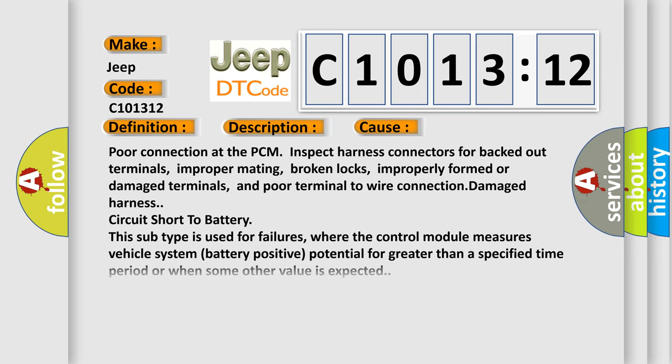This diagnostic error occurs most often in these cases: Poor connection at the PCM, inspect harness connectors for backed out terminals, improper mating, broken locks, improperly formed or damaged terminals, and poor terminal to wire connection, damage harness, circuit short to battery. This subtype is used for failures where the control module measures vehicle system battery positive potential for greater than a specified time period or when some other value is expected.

☆ ☆ ☆ ☆

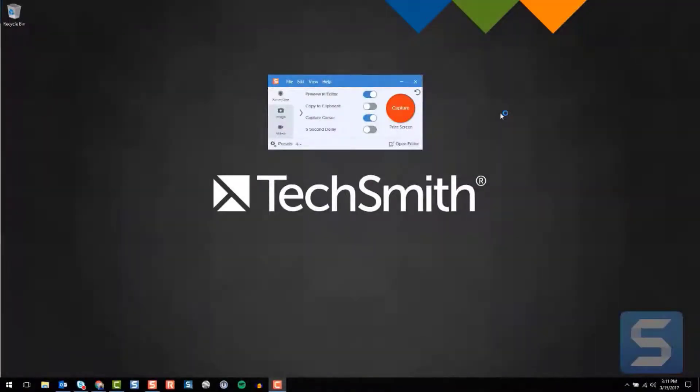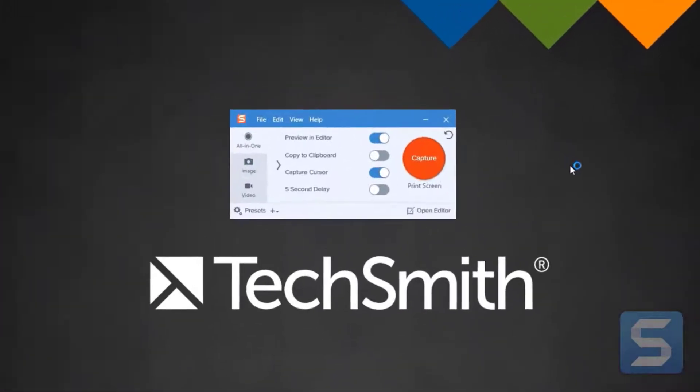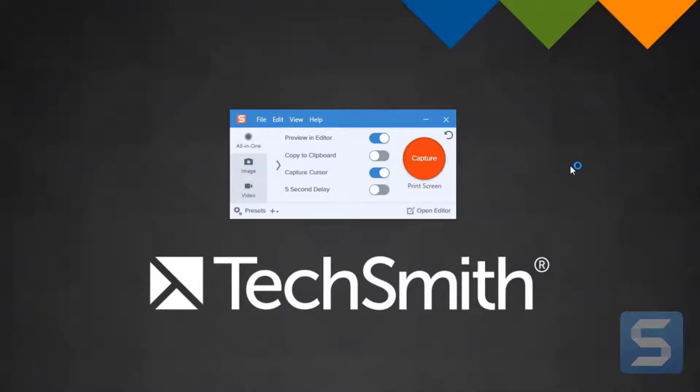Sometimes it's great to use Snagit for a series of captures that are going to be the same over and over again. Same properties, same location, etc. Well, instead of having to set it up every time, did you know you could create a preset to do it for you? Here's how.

☆ ☆ ☆ ☆

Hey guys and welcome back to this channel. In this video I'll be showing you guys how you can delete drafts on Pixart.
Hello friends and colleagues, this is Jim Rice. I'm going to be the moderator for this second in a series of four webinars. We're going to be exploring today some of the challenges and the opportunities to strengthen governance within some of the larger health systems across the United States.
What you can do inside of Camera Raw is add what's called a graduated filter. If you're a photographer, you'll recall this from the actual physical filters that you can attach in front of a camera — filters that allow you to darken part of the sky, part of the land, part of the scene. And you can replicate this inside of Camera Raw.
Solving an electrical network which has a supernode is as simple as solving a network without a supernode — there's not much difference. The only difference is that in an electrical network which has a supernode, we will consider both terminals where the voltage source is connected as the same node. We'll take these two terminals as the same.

☆ ☆ ☆ ☆

- INSTRUCTIONS TO FOLLOW
Please give an exact copy of the lines above, beginning with the line containing "Hey guys and" and running through the line containing "Solving an electrical", and of no other lines.

- EXPECTED ANSWER
Hey guys and welcome back to this channel. In this video I'll be showing you guys how you can delete drafts on Pixart.
Hello friends and colleagues, this is Jim Rice. I'm going to be the moderator for this second in a series of four webinars. We're going to be exploring today some of the challenges and the opportunities to strengthen governance within some of the larger health systems across the United States.
What you can do inside of Camera Raw is add what's called a graduated filter. If you're a photographer, you'll recall this from the actual physical filters that you can attach in front of a camera — filters that allow you to darken part of the sky, part of the land, part of the scene. And you can replicate this inside of Camera Raw.
Solving an electrical network which has a supernode is as simple as solving a network without a supernode — there's not much difference. The only difference is that in an electrical network which has a supernode, we will consider both terminals where the voltage source is connected as the same node. We'll take these two terminals as the same.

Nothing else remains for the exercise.